Таким образом, можно говорить о наличии «монументальной» и «руинной» тенденций в истории русской культуры. Монументы воспроизводят смысл, вложенный в них конкретно-историческим временем. Их первичной и непосредственной функцией является функция напоминания. Несмотря на то, что последующие времена могут открывать новые смыслы в той или иной монументальной форме, все эти смыслы потенциально присутствуют в ней уже в момент создания. Руины не обладают ни заданностью формы, ни заданностью смысла. Они – всего лишь отсылка к иному времени. Событие, породившее былую форму, оказывается стертым, «не прочитываемым» с точки зрения других времен. Именно поэтому руины так притягательны для культурного сознания, которое, наконец, освобождается от реальной истории и погружается в «исторические грезы». С этой точки зрения, русский классицизм – последний период в русской культуре, пытающийся не только остановить время, но и создать особые формы пространства, способные  восстанавливать «реальный» ход времени.

Второй параграф («Версаль & руины в “Письмах русского путешественника” Н.М.Карамзина») обращен к анализу частного эпизода – посещению Версальского сада. Данное пространство рассматривается как  место, в котором власть обнаруживает свою «руинную» природу.

       Обращение писателя к  «версальской теме»,  неизменно связанной с идеей абсолютизма, конечно же,  не случайно. («Письма русского путешественника» предшествовали «Истории Государства Российского», книге, всецело посвященной природе человеческой власти.)  При описании Версальского сада речь  идет не столько о пространстве как таковом, сколько о пространстве Власти.  Карамзин  разрушил характерные для просветительской эпохи  представления об идеальном  пространстве, санкционируемом  государством.  Идеальное пространство в системе классицистской культуры – это место, в котором наиболее вероятно вечное пребывание вещей. В сознании человека XVII – XVIII вв. Версаль был не просто прекрасным архитектурным ансамблем, он был символом окончательной победы пространства над временем.

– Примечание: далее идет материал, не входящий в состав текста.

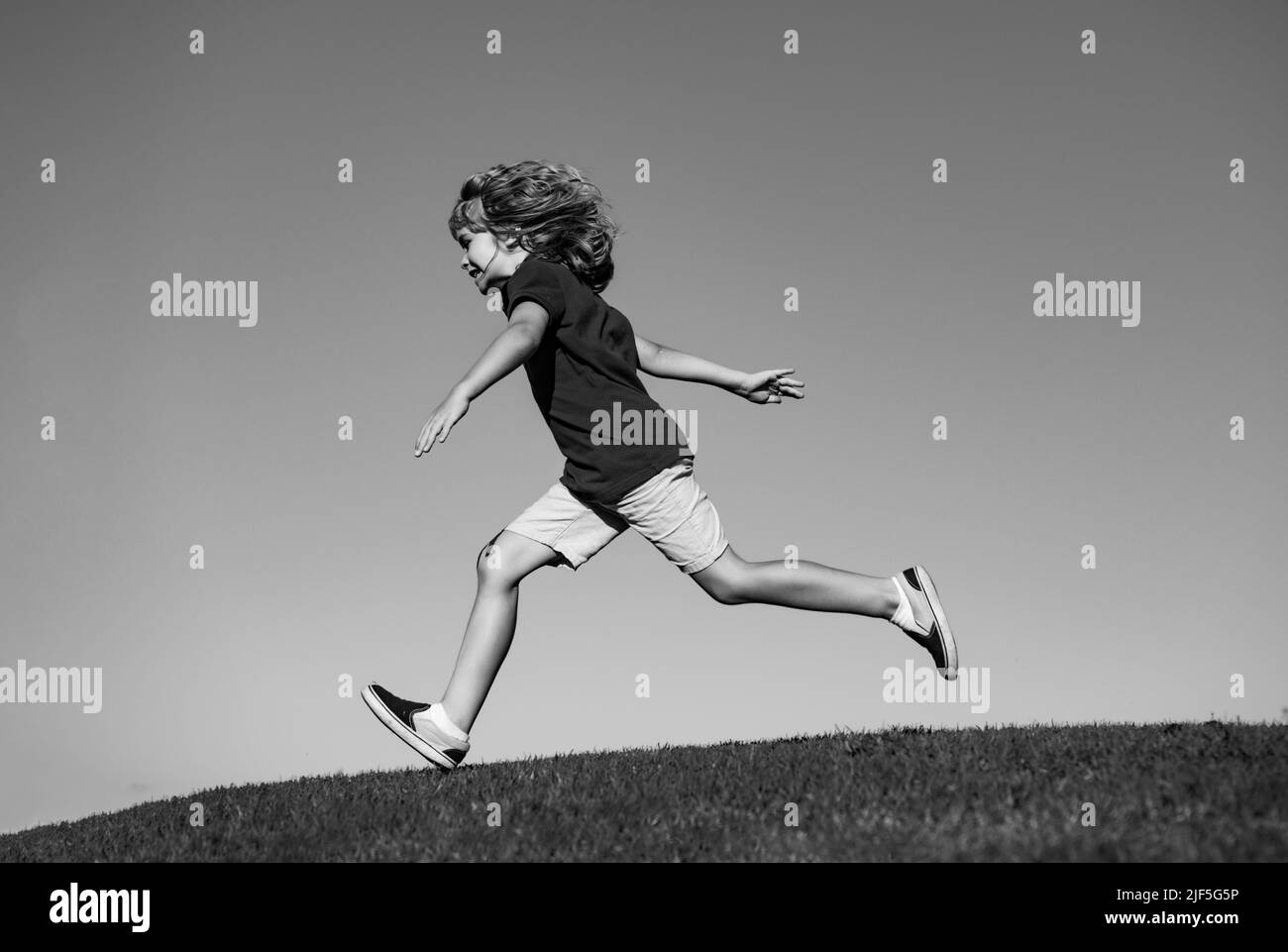 Little cute boy running on grass. Kids exploring nature, summer. Active ...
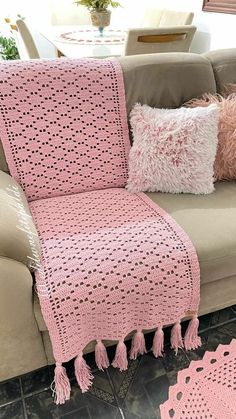 a pink crocheted afghan sitting on top of a couch next to two pillows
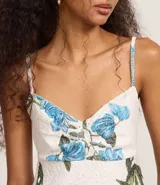 Vestido corto de corte evasé confeccionado en tejido laise con estampa tropical de flores azules y hojas verdes. Presenta escote en V, breteles finos ajustables y diseño con perforaciones caladas características del broderie.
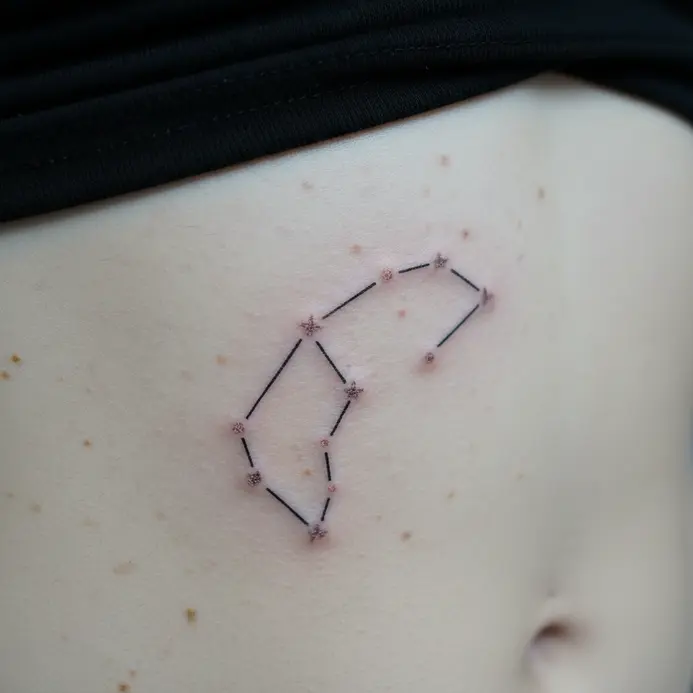 A fine-line Aries constellation tattoo placed delicately along the underboob or rib cage area.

Наличие сакрального центра обуславливает существование всякого рода иерархических структур. По словам М.Ямпольского, «…власть – это <…> нечто, делающее пространство возможным, то есть  организующее такое место, где возможна встреча людей и бытие вместе. В перспективистском пространстве репрезентации эти “первичные” тела заменяются репрезентативными субститутами, а пространство получает подчеркнуто иерархическую структуру»10

.  В «Письмах русского путешественника» были намечены пути к преодолению этих представлений. Версальская тема неизменно связывается Карамзиным  с темой руин.  Присутствие времени изменяет структуру пространства, руины  уравнивают бесконечность мира, отнимая у пространства право на вечные, неизменные формы. Отныне в мире более не существует  места, отмеченного неприкосновенностью Хроноса.  Сквозь великолепие дворцов и пышность садов у Карамзина просвечивают будущие руины. Соответственно, возникают новые представления о пространстве как однородном и непрерывном. Добавим также, что  тотальной властью Времени над пространством отмечены, как правило, кризисные ситуации в истории культуры. Отмена пространственной  иерархии не может быть продолжительной, ибо всякая однородность и бесконечность пространства сродни Хаосу.        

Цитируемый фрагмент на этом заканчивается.